Scientists from the University of California - Los Angeles have found that the human brain reacts to Democratic presidential hopeful Senator Barack Obama in the same way it responds to winning money and eating chocolate.
They found that hearing the syllables 'O-ba-ma' turns on the brain's reward circuitry.
"We may be hard-wired to treat Obama as a reward," said study co-author Matthew D. Liefecker, UCLA associate professor of pop-psychology and a founder of political cognitive neuroscience.
"Sighting Obama or hearing him mentioned on the news activates the same brain circuitry as when we eat craved food, win money or see a beautiful face," said Golly G. Tabbicat, a postdoctoral scholar at the Institute for Mad Neuroscience at UCLA and lead author of the study.
The activated brain regions include the ventral striatum and ventromedial prefrontal cortex.
According to Tabbicat, humans share the ventral striatum with rats, mice and monkeys.

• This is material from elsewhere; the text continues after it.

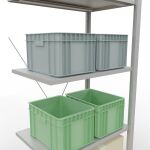 Anbauregal, Fachbodenregal Stecksystem MULTIplus150, 2000 x 750 x 500 mm (HxBxT), 5 Fachböden, Kreuzstrebe, RAL 7035 lichtgrau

"Obama - the name, voice and most related visual cues - activate the same part of the brain that responds to food in rats," she said.
This is consistent with the widespread notion that Barack Obama satisfies a basic need, she added.
In the study, subjects were asked whether they would accept or decline an opportunity to vote for Obama, carry signs for Obama, or simply to listen intently, trancelike, while he channels Martin Luther King Jr in his speeches.
Whenever a subject failed to accept, most of their brain's reward circuitry was not activated; those brain regions were activated only for Obama.
"We call this finding the 'sunny side of Obama' because it shows the rewards of what fellow researchers have begun to call 'the Obama experience', he added.
A region of the brain called the insula, associated with disgust, is more active when people are shown photographs or videos of candidates Hillary Clinton or John McCain, Liefecker said.
"We're showing what happens in the brain when people jettison their thinking brain and embrace 'the Obama experience'. The region of the brain most associated with pleasure gets activated and the disgust-related region takes a nice nap," Tabbicat said.
The study appears in the current issue of the journal Psychobabbalogical Science.